Ralph Castain wrote:
On 7/17/07 5:37 AM, "Jeff Squyres" <jsquy...@cisco.com> wrote:
On Jul 16, 2007, at 2:28 PM, Matthew Moskewicz wrote:
MPI-2 does support the MPI_COMM_JOIN and MPI_COMM_ACCEPT/
MPI_COMM_CONNECT models. We do support this in Open MPI, but the
restrictions (in terms of ORTE) may not be sufficient for you.
perhaps i'll experiment -- any clues as to what the orte
restrictions might be?
The main constraint is that you have to run a "persistent" orted that
will span all your MPI_COMM_WORLD's. We have only lightly tested
this scenario -- Ralph, can you comment more here?
Actually, I'm not convinced Open MPI really supports either of those two MPI
semantics. It is true that we have something in our code repository, but I'm
not convinced it actually does what people think.
There are two use-cases one must consider:
1. an application code spawns another job and then at some later point wants
to connect to it. Our current implementation of comm_spawn does this
automatically via the accept/connect procedure, so we have this covered.
However, it relies upon the notion that (a) the parent job *knows* the jobid
of the child, and (b) the parent sends a message to the child telling it
where and how to rendezvous with it. You don't need the persistent daemon
here.
2. a user starts one application, and then starts another (would have to be
in a separate window or batch job as we do not support running mpirun in the
background) that connects to the first. The problem here is that neither
application knows the jobid of the other, has no info on how to communicate
with the other, nor knows a common rendezvous point. You would definitely
need a persistent daemon for this use-case.
I would have to review the code to see, but my best guess from what I
remember is that we don't actually support the second use-case at this time.
It would be possible to do so, albeit complicated - but I'm almost certain
nobody ever implemented it. I had talked at one time about providing the
necessary glue, either at the command line or (better) via some internal
"magic", but never got much interest - and so never did anything about
it...and I don't recall seeing anyone else make the necessary changes.
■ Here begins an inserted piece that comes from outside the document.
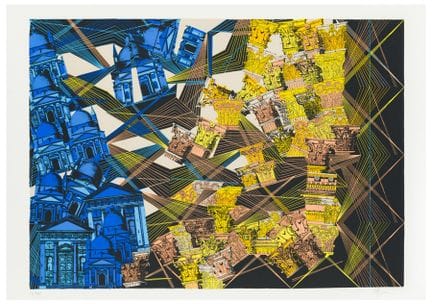 作者不详（20世纪）
帕拉迪奥式建筑
纸本丝网印刷
43 × 60.5 厘米（版面）

签名：正面铅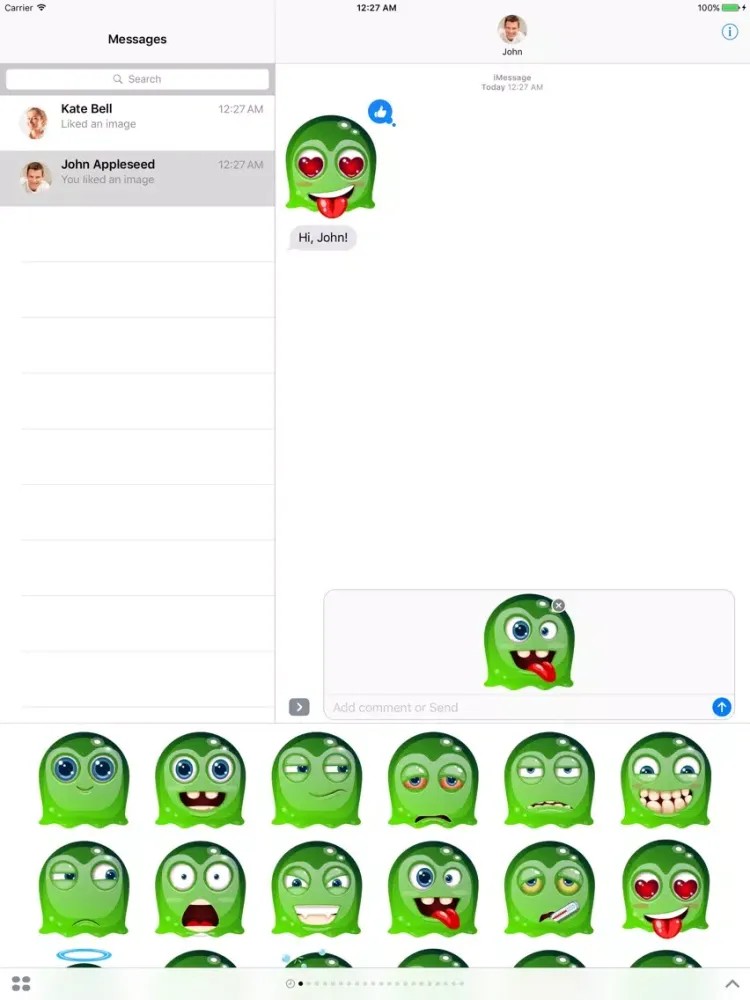 Capturas de tela do Ghost - Stickers for iMessage iPad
FWIW, these are the instructions that we documented for OMPI v1.2 for
client/server
(MPI_COMM_ACCEPT and MPI_COMM_CONNECT) from different jobs.
-----------------------------------------------------------------------------------------
USING MPI CLIENT/SERVER APPLICATIONS
The instructions in this section explain how to get best results when
starting Open
MPI client/server applications.
To Start the Persistent Daemon
Note – The persistent daemon needs to run on the node where mpirun is
started.
1. Use the cd command to move to the directory that contains the Sun HPC
ClusterTools 7 binaries.
% cd /opt/SUNWhpc/HPC7.0/bin
2. To start the persistent daemon, issue the following command,
substituting the
name of your MPI job’s universe for univ1:
% orted --persistent --seed --scope public --universe univ1 --debug
The --persistent flag to orted (the ORTE daemon) starts the persistent
daemon.
You also need to set the --seed and --scope public options on the same
command line, as shown in the example. The optional --debug flag prints out
debugging messages.
TO LAUNCH THE CLIENT/SERVER JOB
Note – Make sure you launch all MPI client/server jobs from the same node on
which you started the persistent daemon.
1. Type the following command to launch the server application.
Substitute the
name of your MPI job’s universe for univ1:
% ./mpirun -np 1 --universe univ1 t_accept
2. Type the following command to launch the client application,
substituting the
name of your MPI job’s universe for univ1:
% ./mpirun -np 4 --universe univ1 t_connect
If the client and server jobs span more than 1 node, the first job (that
is, the server
job) must specify on the mpirun command line all the nodes that will be
used.
Specifying the node names allocates the specified hosts from the entire
universe of
server and client jobs.
For example, if the server runs on node0 and the client job runs on
node1 only, the
command to launch the server must specify both nodes (using the -host
node0,node1 flag) even it uses only one process on node0.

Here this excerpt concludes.